***** Task material
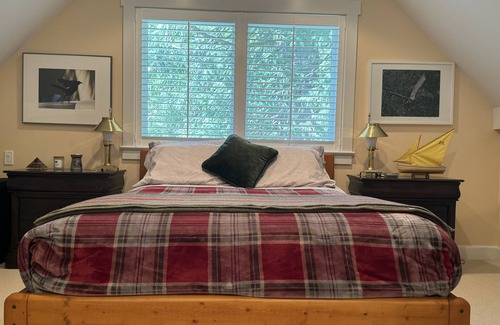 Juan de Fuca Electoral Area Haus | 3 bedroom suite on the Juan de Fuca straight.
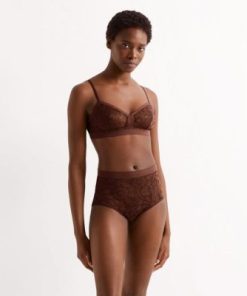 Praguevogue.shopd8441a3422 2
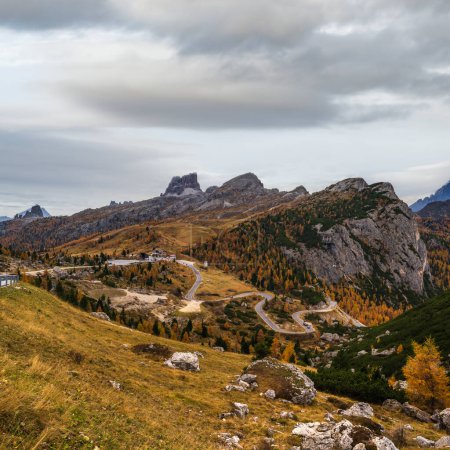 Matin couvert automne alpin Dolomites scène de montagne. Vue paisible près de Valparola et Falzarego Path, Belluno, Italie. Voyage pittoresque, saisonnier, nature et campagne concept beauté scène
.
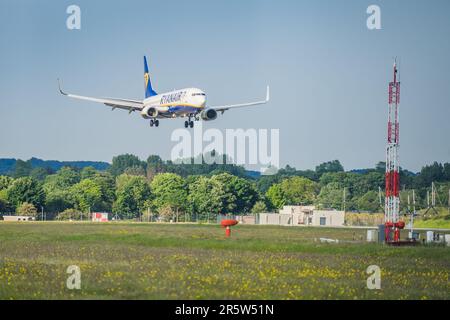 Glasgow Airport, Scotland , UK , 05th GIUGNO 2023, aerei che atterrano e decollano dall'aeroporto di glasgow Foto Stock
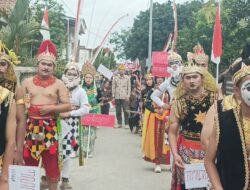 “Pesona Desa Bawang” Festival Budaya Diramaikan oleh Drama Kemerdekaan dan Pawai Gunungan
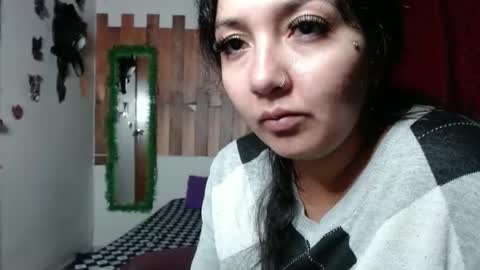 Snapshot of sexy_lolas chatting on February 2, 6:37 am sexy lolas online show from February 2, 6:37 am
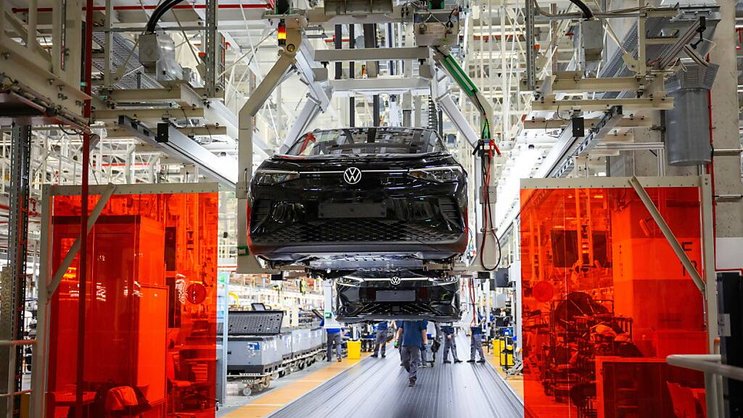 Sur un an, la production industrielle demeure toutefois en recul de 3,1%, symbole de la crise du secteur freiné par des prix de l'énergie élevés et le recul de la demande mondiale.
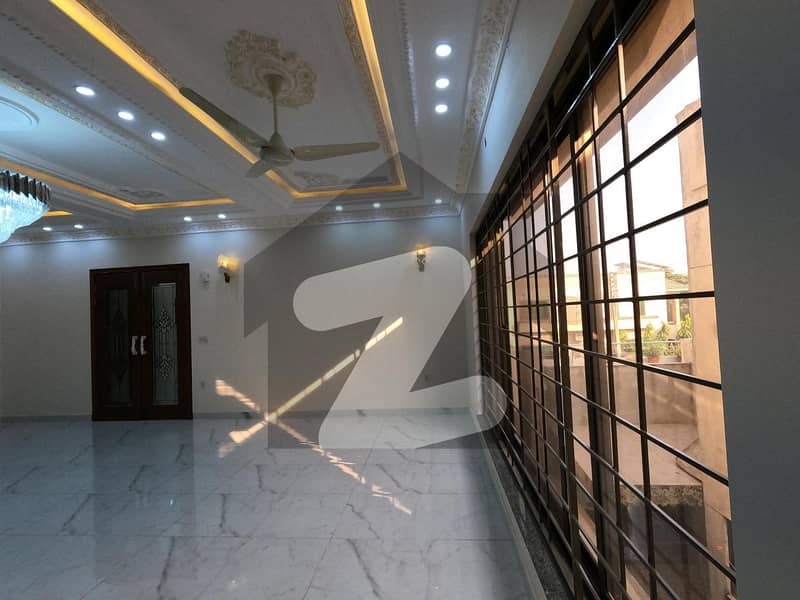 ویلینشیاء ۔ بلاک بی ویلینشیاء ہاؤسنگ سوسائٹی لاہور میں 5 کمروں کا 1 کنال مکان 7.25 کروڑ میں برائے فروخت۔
**********
***** Task material
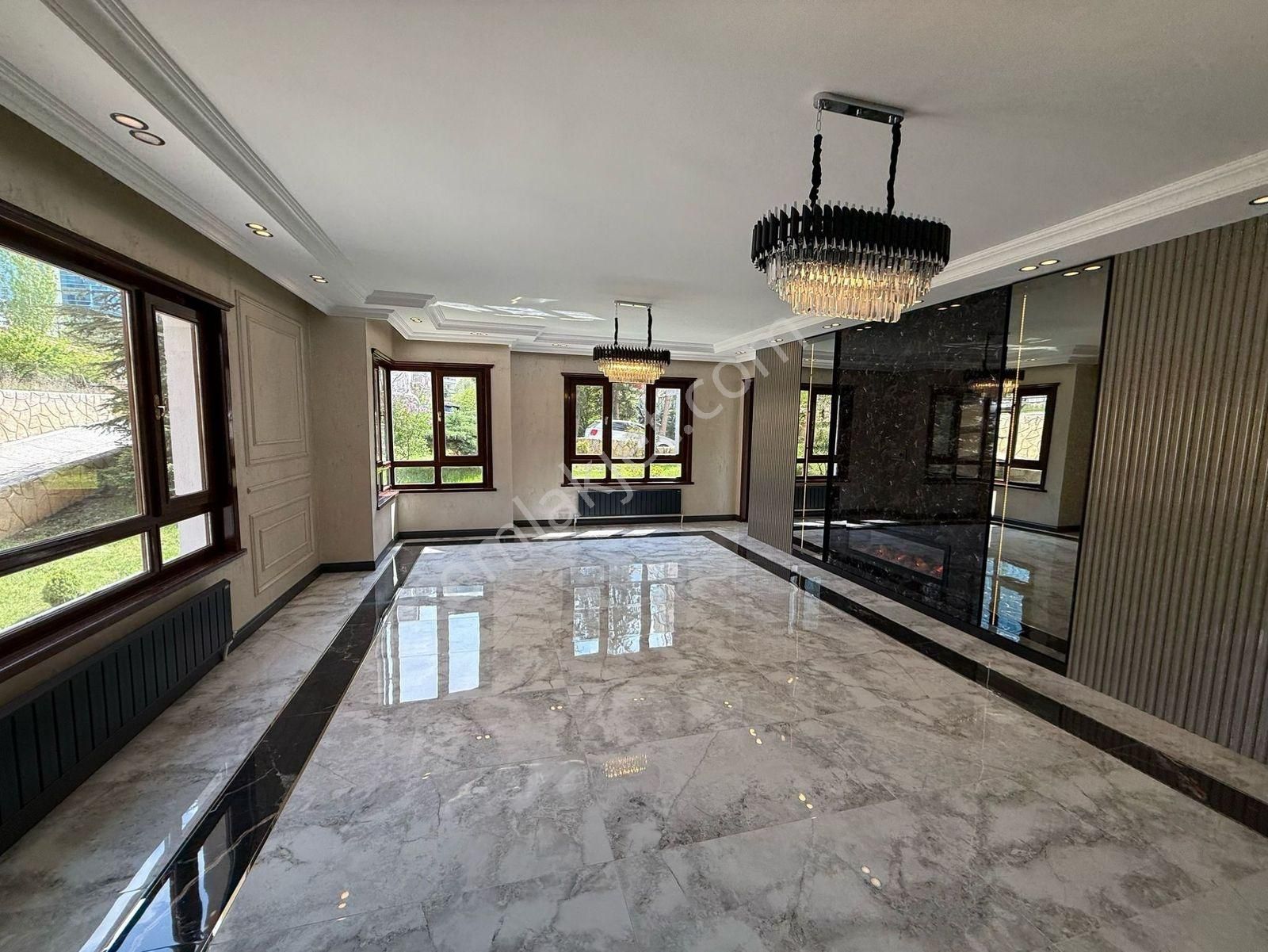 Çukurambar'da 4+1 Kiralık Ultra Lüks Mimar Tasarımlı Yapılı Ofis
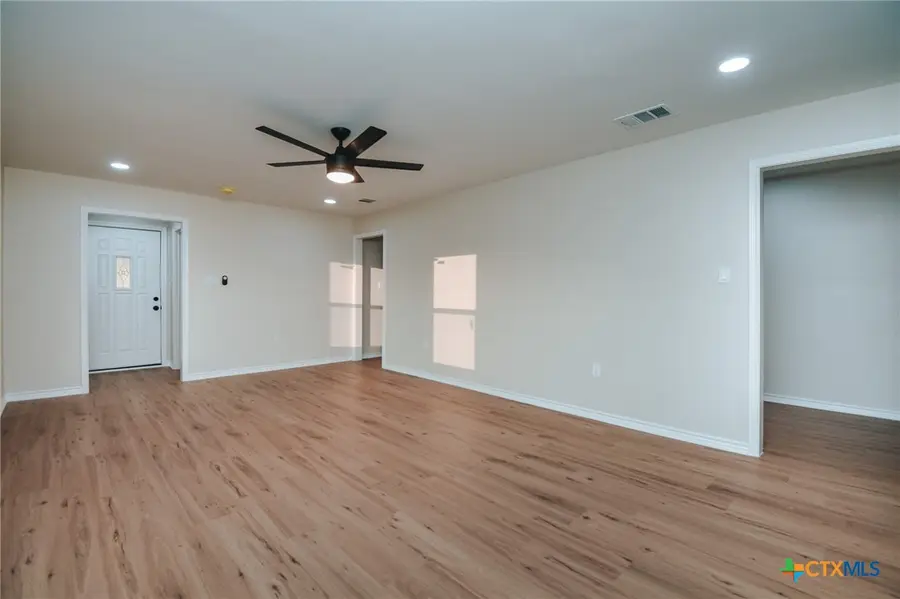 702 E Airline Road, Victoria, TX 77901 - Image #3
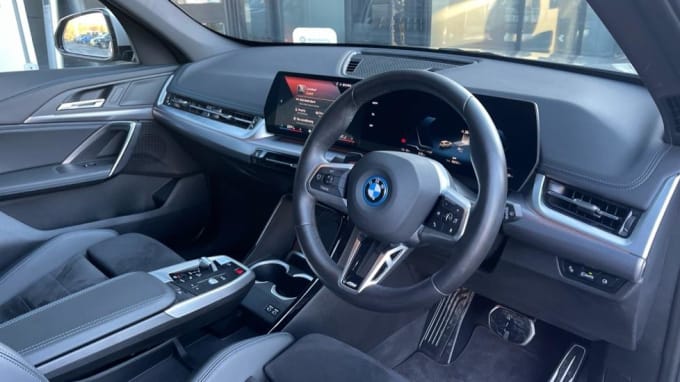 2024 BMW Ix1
**********
> **To do**: Using the data above, which lines fall from the one with "Praguevogue.shopd8441a3422 2" through the one with "Glasgow Airport, Scotland"? Repeat them exactly, ends included, minus any pictures.

> **Expected answer**:
 Praguevogue.shopd8441a3422 2
 Matin couvert automne alpin Dolomites scène de montagne. Vue paisible près de Valparola et Falzarego Path, Belluno, Italie. Voyage pittoresque, saisonnier, nature et campagne concept beauté scène
.
 Glasgow Airport, Scotland , UK , 05th GIUGNO 2023, aerei che atterrano e decollano dall'aeroporto di glasgow Foto Stock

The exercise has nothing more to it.